INPUT DATA -
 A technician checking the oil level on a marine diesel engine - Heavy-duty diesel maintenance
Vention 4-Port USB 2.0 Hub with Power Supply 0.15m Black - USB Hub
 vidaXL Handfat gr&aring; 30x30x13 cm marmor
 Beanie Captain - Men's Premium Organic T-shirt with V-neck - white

* * *

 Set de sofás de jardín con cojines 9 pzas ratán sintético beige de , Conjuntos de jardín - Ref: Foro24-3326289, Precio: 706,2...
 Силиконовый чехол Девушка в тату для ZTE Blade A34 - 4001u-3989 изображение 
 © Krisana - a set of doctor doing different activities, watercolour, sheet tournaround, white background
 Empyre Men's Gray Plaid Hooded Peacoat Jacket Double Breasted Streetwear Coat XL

--

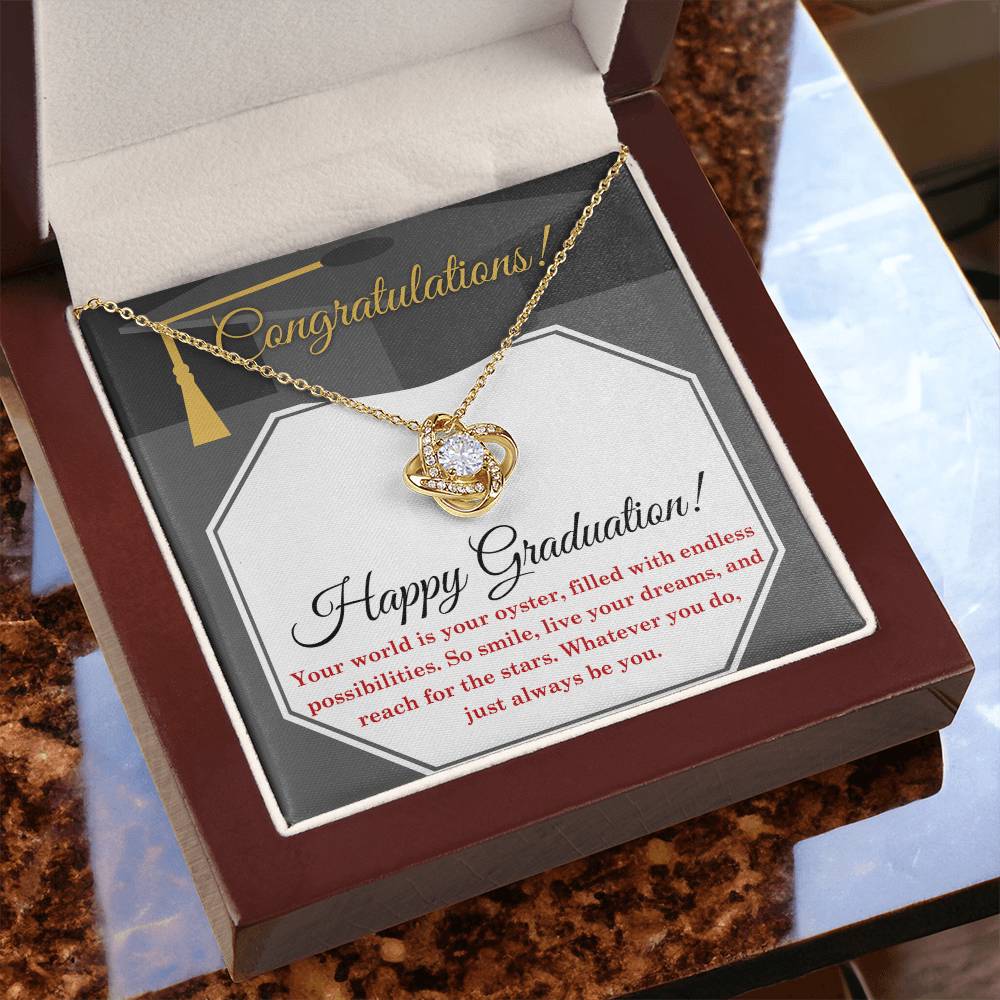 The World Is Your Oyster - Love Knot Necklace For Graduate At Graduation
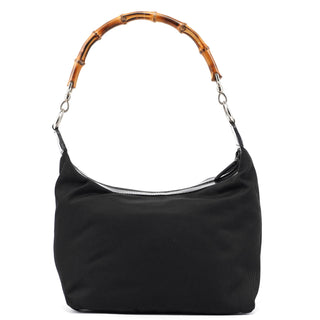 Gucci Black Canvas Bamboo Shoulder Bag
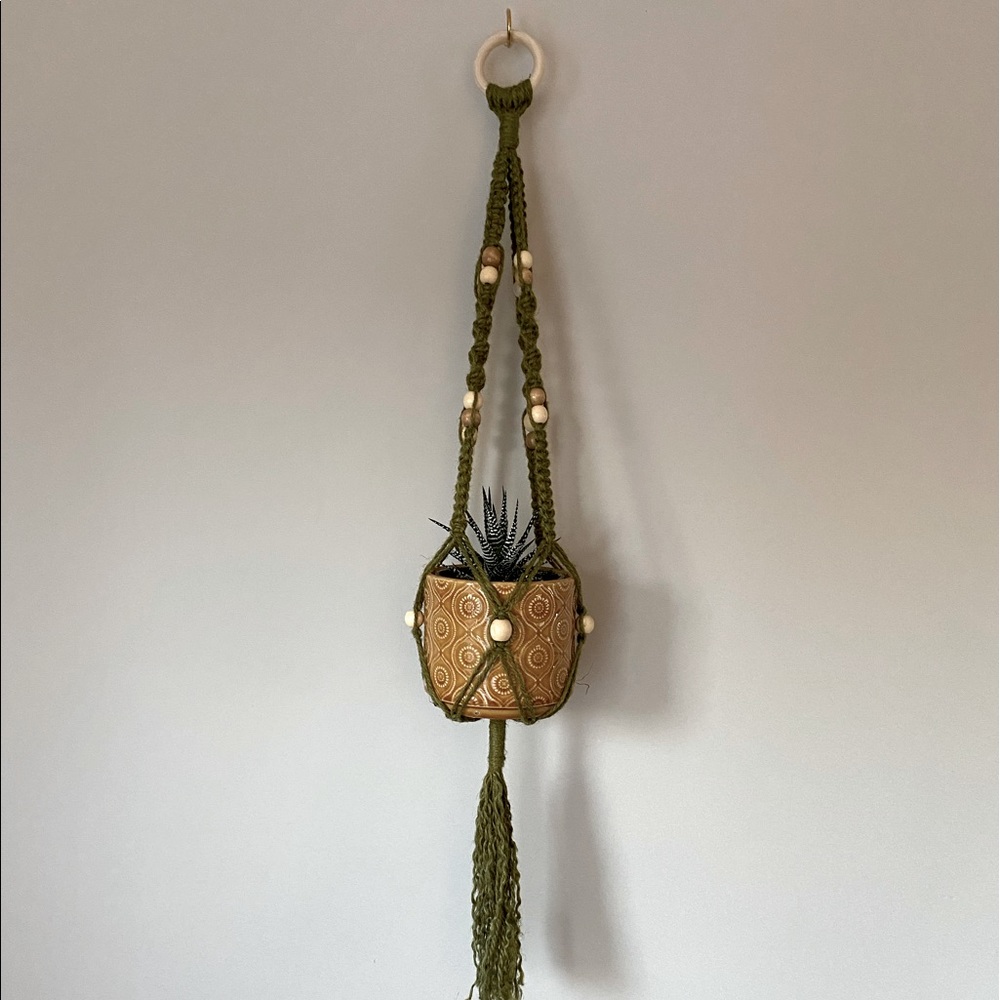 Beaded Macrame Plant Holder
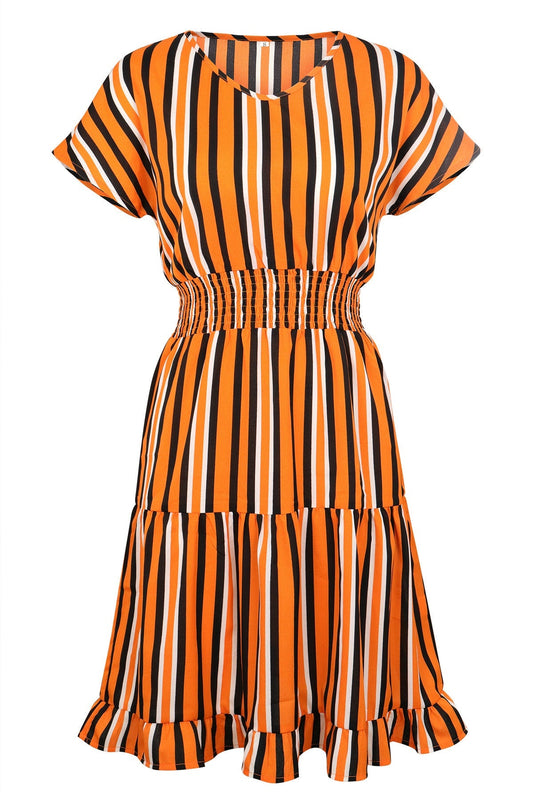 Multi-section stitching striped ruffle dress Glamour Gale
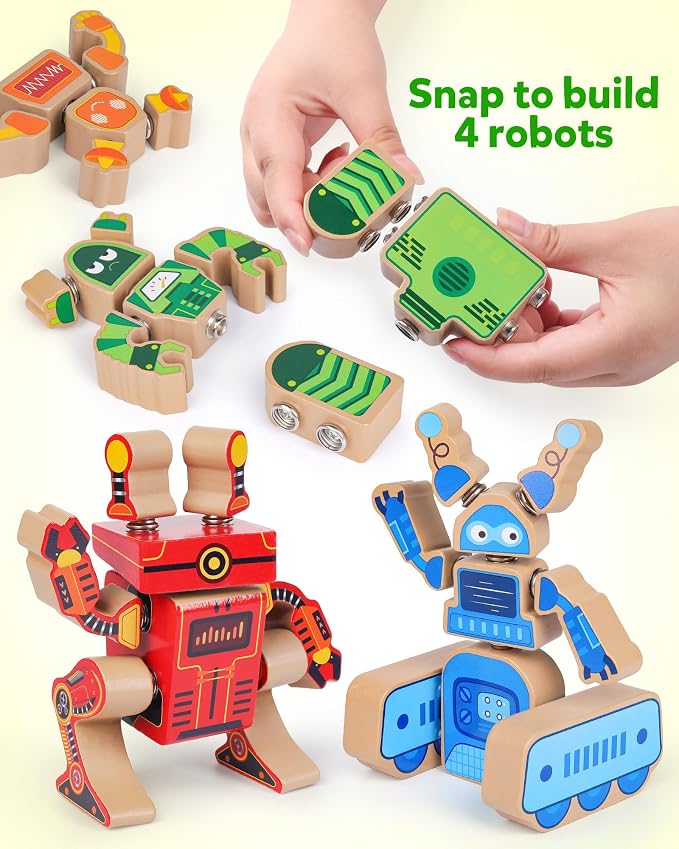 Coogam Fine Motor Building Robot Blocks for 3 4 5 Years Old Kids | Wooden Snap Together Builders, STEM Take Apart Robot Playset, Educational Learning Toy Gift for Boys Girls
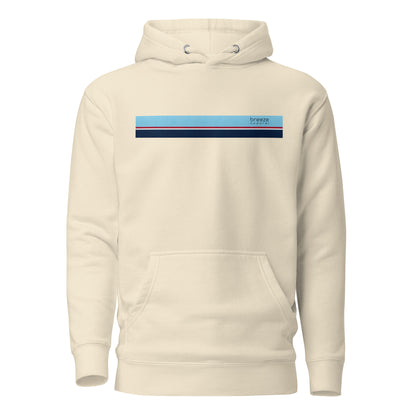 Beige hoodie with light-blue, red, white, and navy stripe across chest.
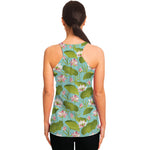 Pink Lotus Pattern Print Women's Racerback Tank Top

EXERCISE AIM -
Where the line holding "vidaXL Handfat gr&aring; 30x30x13 cm marmor" appears in the listing above, start reproducing exactly, and end with the line holding "Beanie Captain - Men's".

WRITTEN SOLUTION -
 vidaXL Handfat gr&aring; 30x30x13 cm marmor
 Beanie Captain - Men's Premium Organic T-shirt with V-neck - white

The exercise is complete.